S.F. Supervisor race crazier than ever

S.F. Supervisor race crazier than ever

Term limits, newspaper strike, twenty candidates add up to a Twilight Zone election

By Catherine Bowman and April Lynch
Special to The Free Press

Four incumbents. Twenty challengers. One Republican. Five seats. Zero daily newspapers.

Add those numbers together, and San Francisco gets one of the most anything-goes Board of Supervisors elections that the city has seen in years. As voters go to the polls tomorrow to choose five representatives to sit on the 11-member board, it feels a little like the Twilight Zone.

No regular daily papers, some political observers fear, may mean fewer voters -- and even less predictable election results.

"The interest in the election will decrease, and voter turnout will decrease,'' said longtime San Francisco political consultant Dick Pabich. "TV doesn't really cover local campaigns."

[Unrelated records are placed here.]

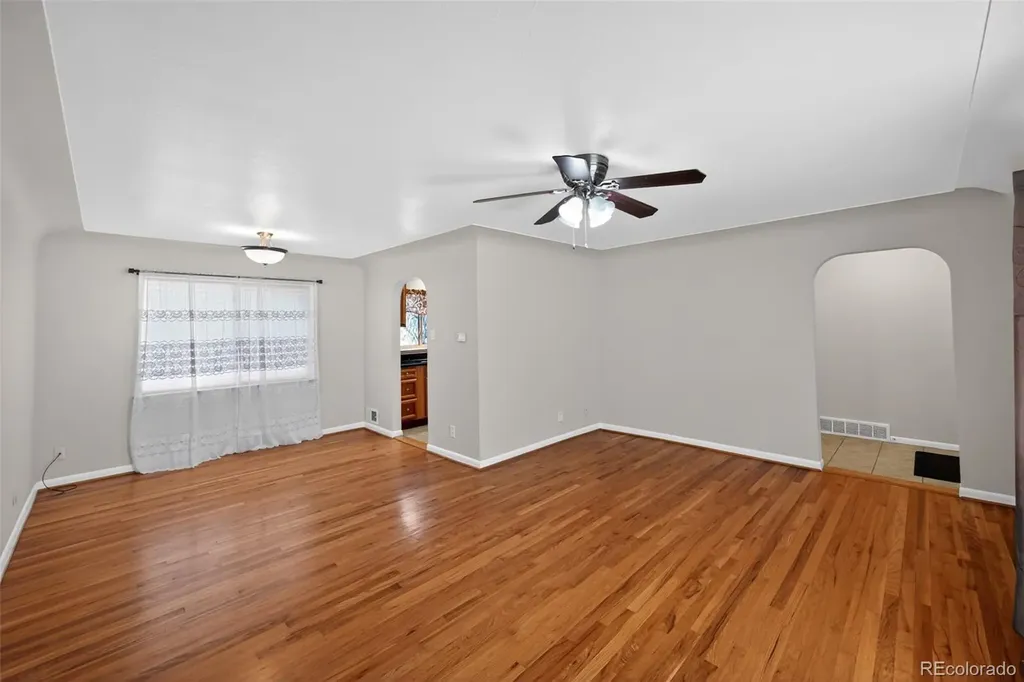 2201 Oakland Street Aurora CO 80010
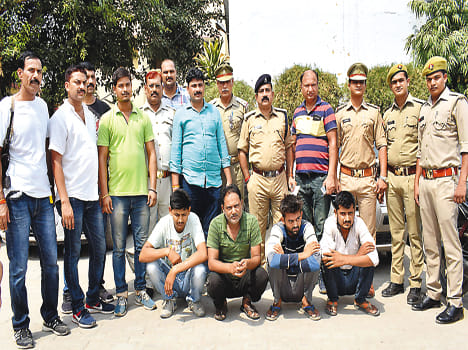 4 thief arrested with 7 wehicle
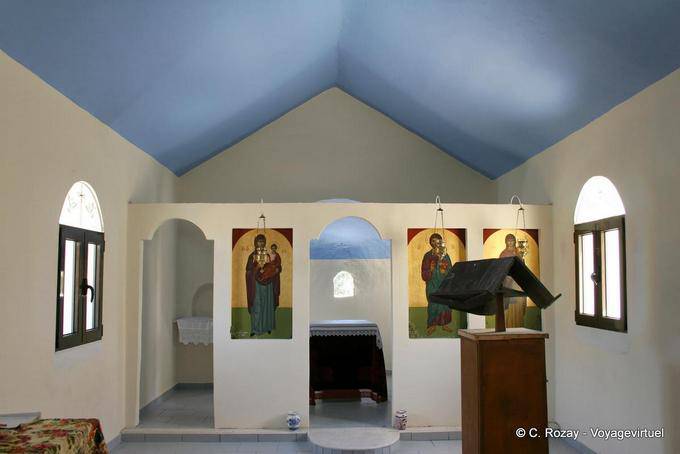 Modern interior de uma das capelas na estrada entre e Vori Zaros - Creta, Grécia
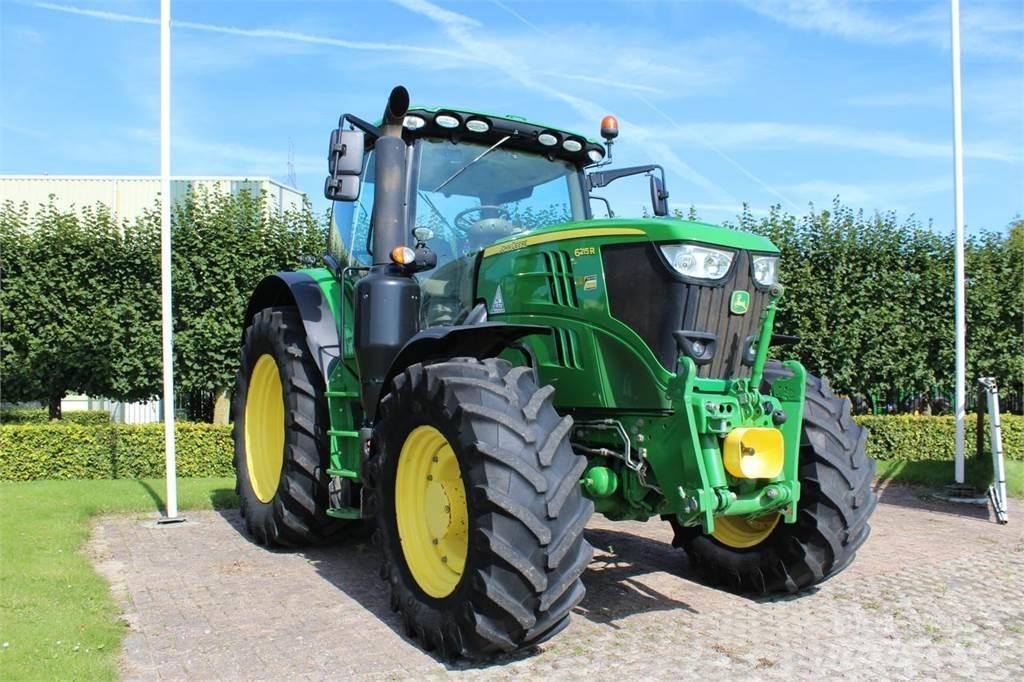 John Deere 6215R Traktory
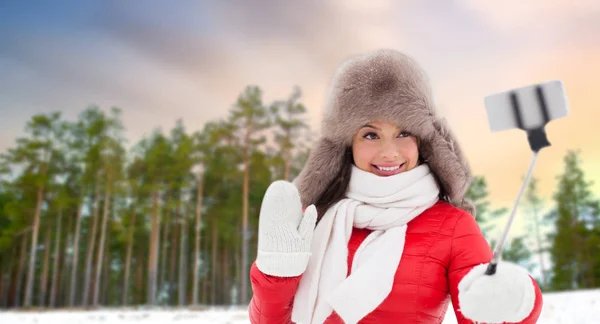 Mulher feliz tomando selfie sobre floresta de inverno — Fotografia de Stock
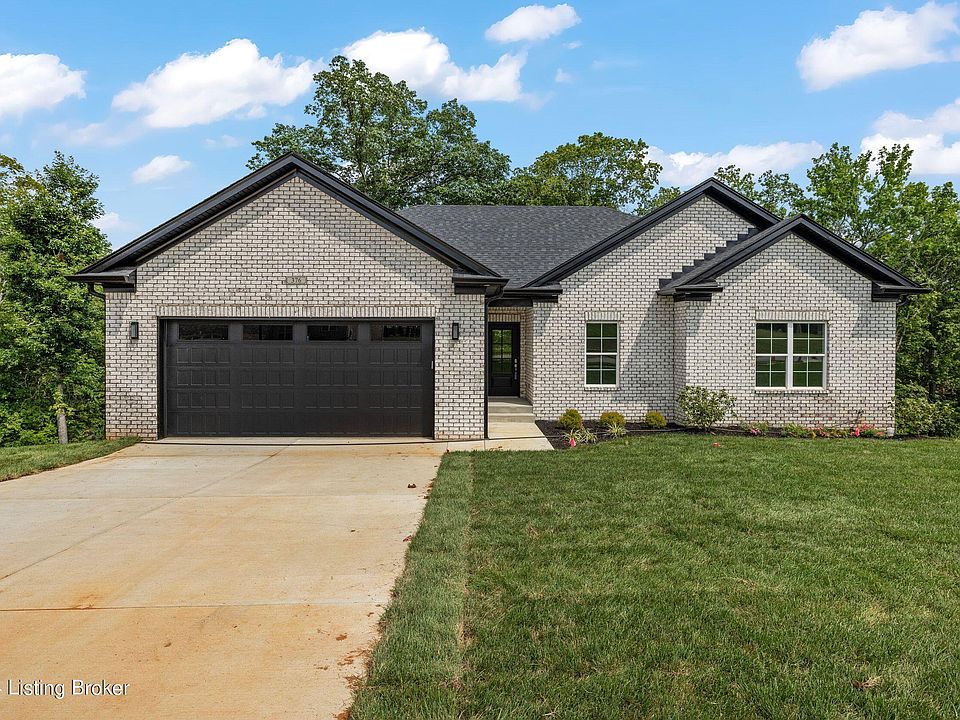 1st image of 376 Bluffs Edge Dr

Four current board members and 20 challengers are vying for seats at City Hall. At least one outsider is guaranteed to become an insider, as term limits are forcing Supervisor Bill Maher off the board and opening up his seat.

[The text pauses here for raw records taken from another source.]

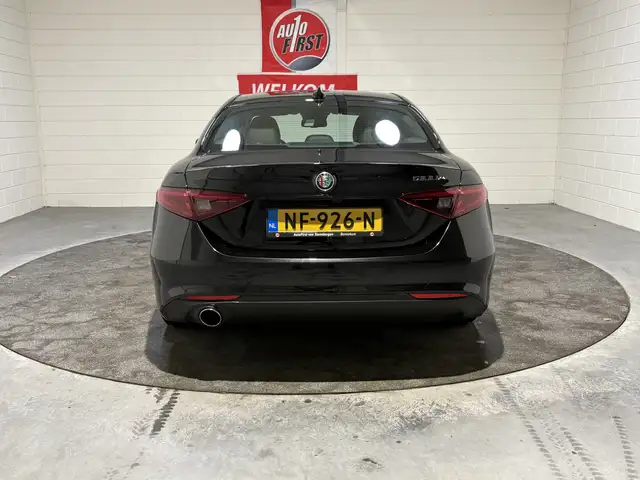 Alfa Romeo Giulia view 8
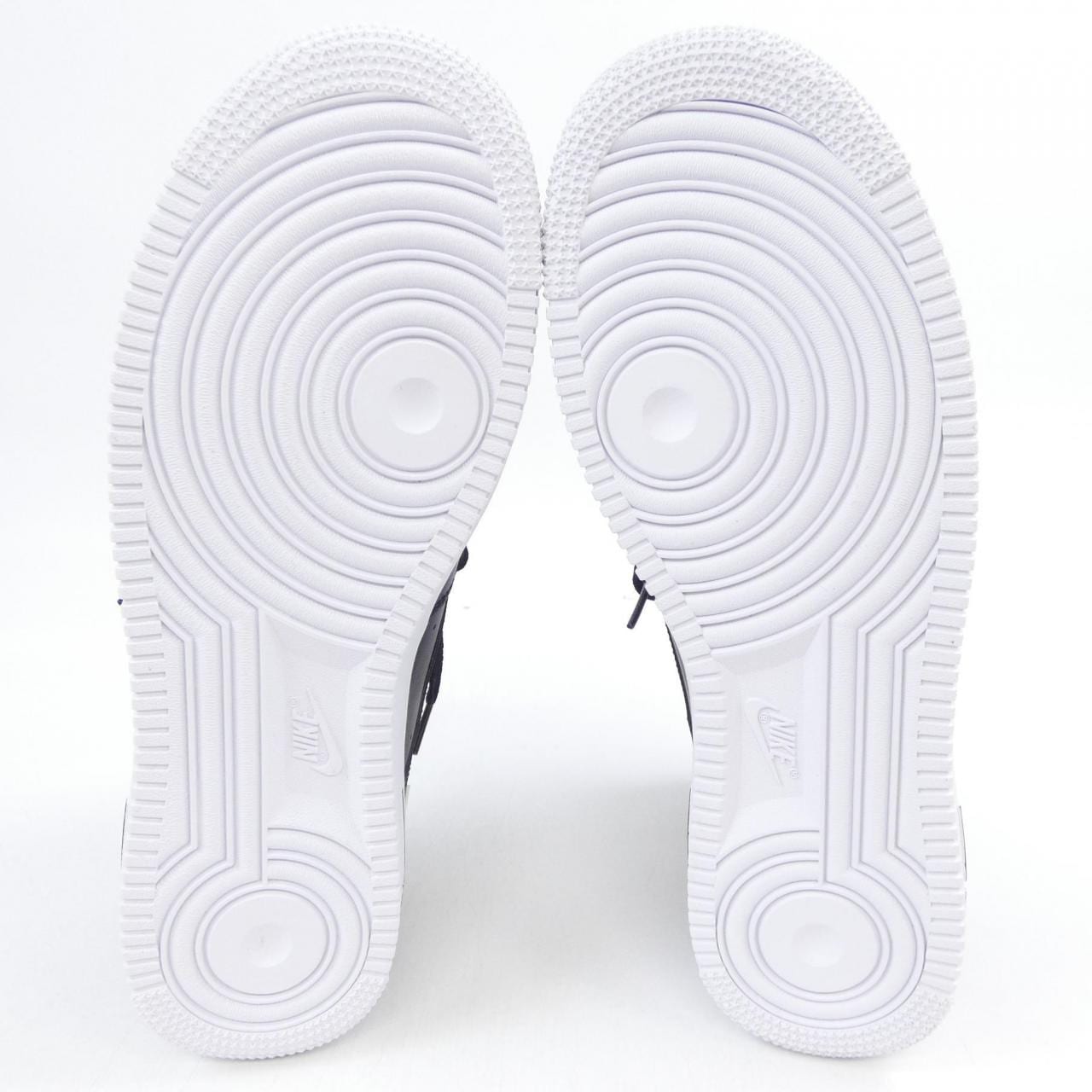 ナイキ NIKE CJ1379-001 スニーカー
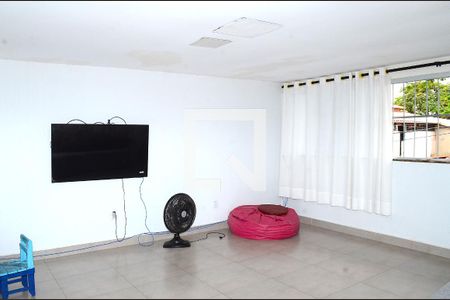 Sala 1 de casa para alugar com 2 quartos, 570m² em Belmonte, Belo Horizonte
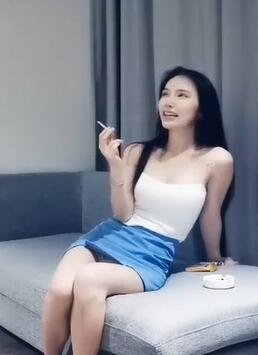 白色小吊带加牛仔短裙小姐姐还会抽烟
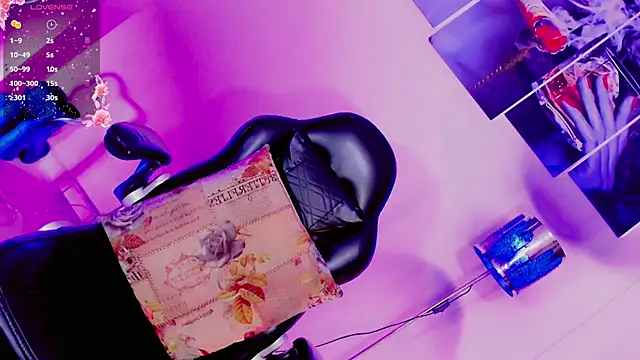 dollswit01 online show from 24, 4, 2026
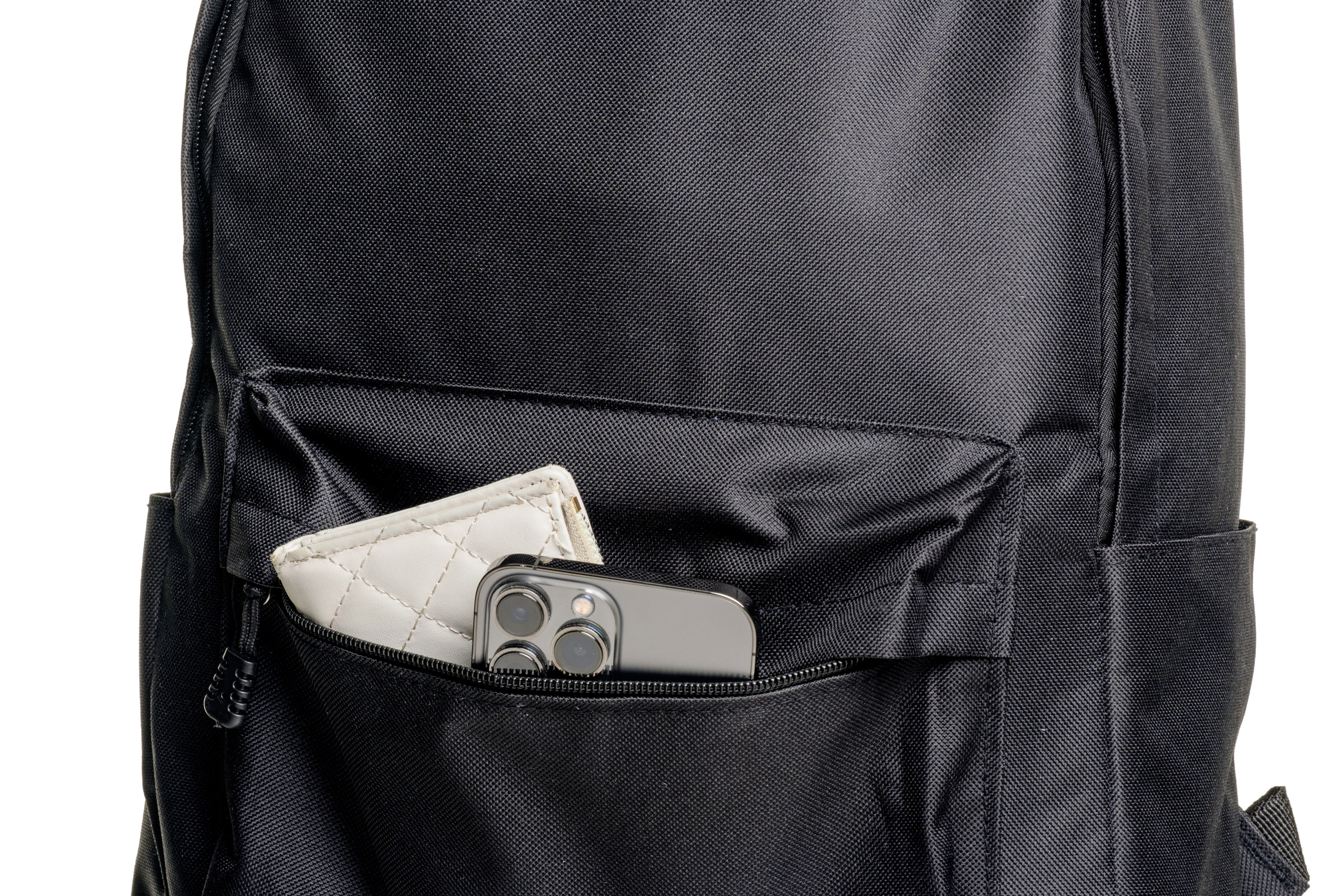 Backpack. Fotograf Dmitrii Donets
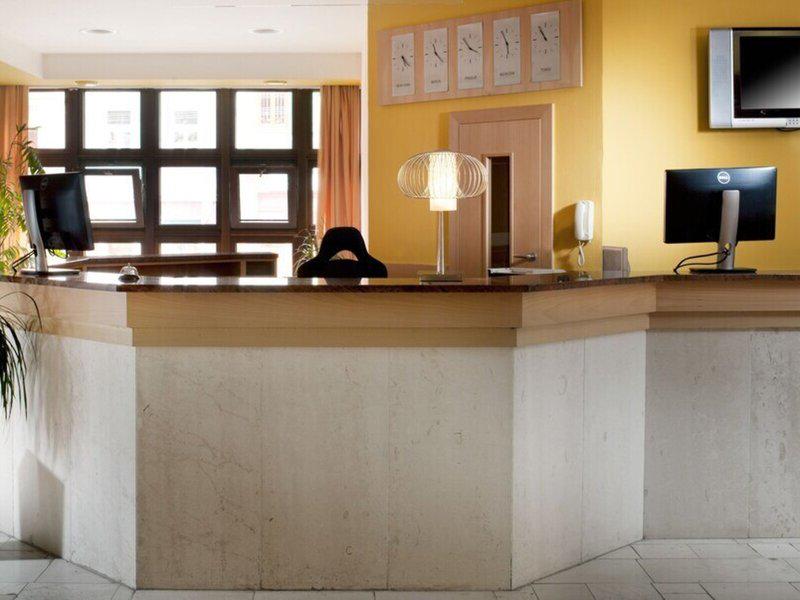 C197F56B3F8806B54D5463DF5E7775E1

The incumbents -- Annemarie Conroy, Susan Leal, Carole Migden and Kevin Shelley -- have all fared well in pre-election polls. But as past elections have shown, good poll numbers don't always promise victory on election day.

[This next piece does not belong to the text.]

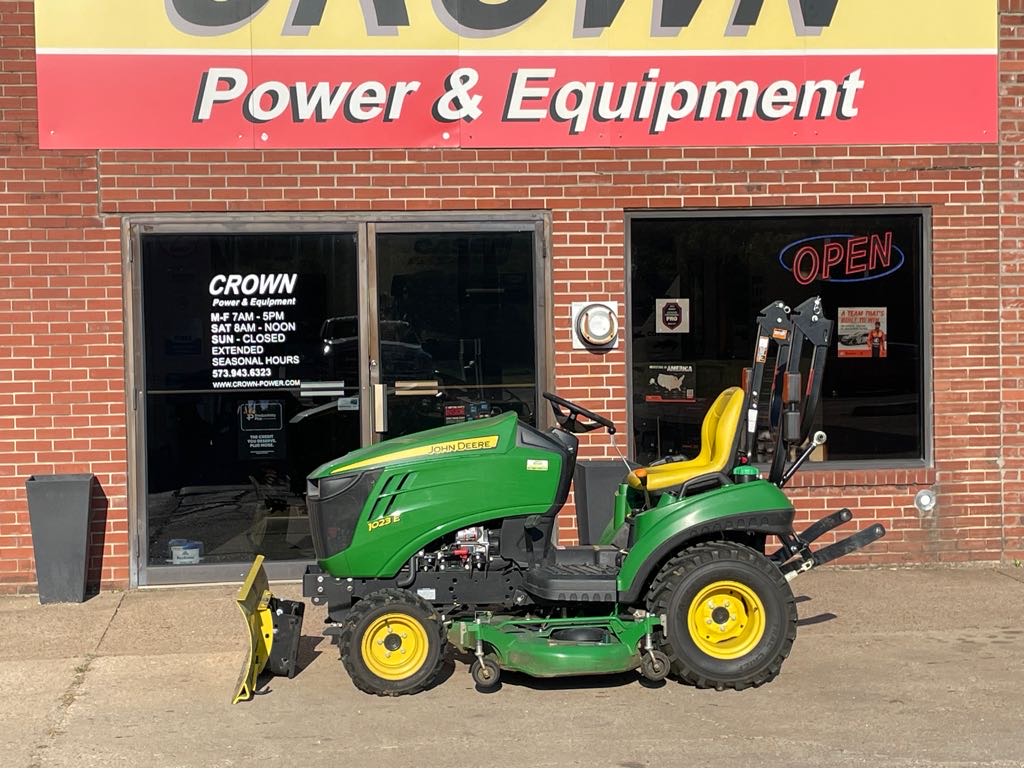 2014 John Deere 1023E Tractor Compact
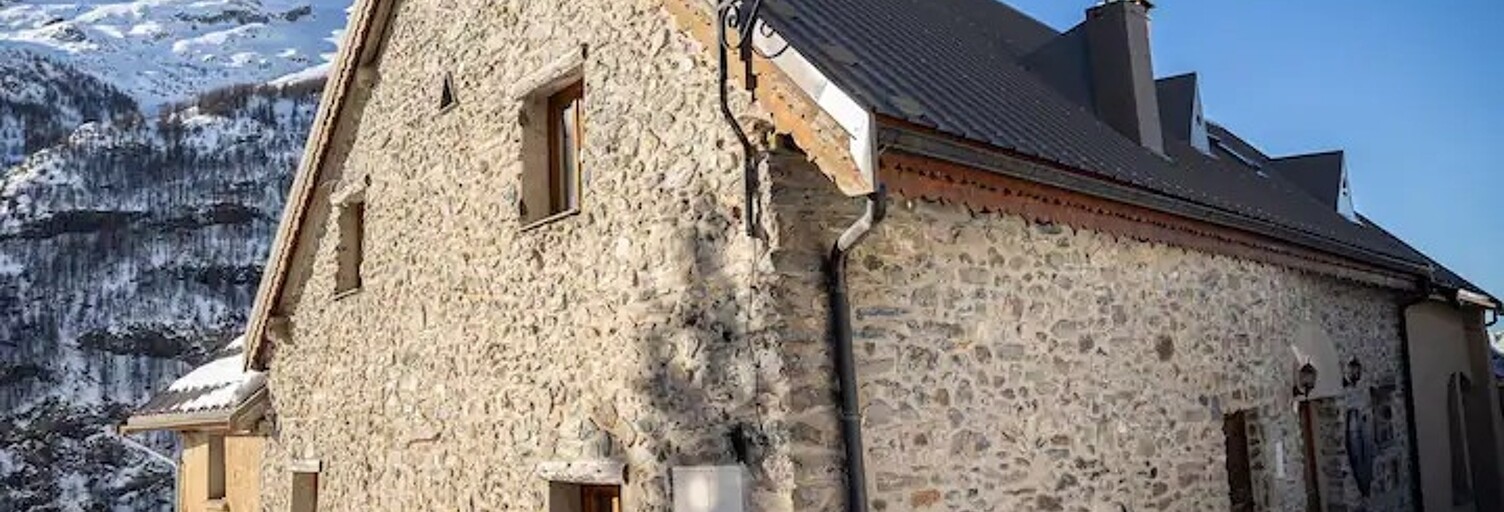 Maison 9 Pièces 261 m² à vendre à Villar-d'Arêne (05480)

That fact, and the promise of one open spot, have the challengers running hard. Among the 20 are several of diverse racial and ethnic backgrounds trying to break through a system that has long blocked candidates of color from city office.

Six of the challengers are believed to have a serious shot -- school board member Tom Ammiano, labor lawyer Sylvia Courtney, health commission member Arthur Jackson, community college board member Mabel Teng, attorney Bruce Quan and educator Alicia Wang.

The field is packed with self-described progressives, but it has sometimes been hard to tell that from the tone the campaign has often taken. Conroy, a Jordan appointee to the board and the only Republican among the supervisors, has in many ways set the agenda for the race.

Candidates of all political stripes have blended more conservative concerns such as cutting government spending and fighting crime into campaign themes that once concentrated on civil rights and social services. The top contenders are running especially hard on this more pragmatic approach.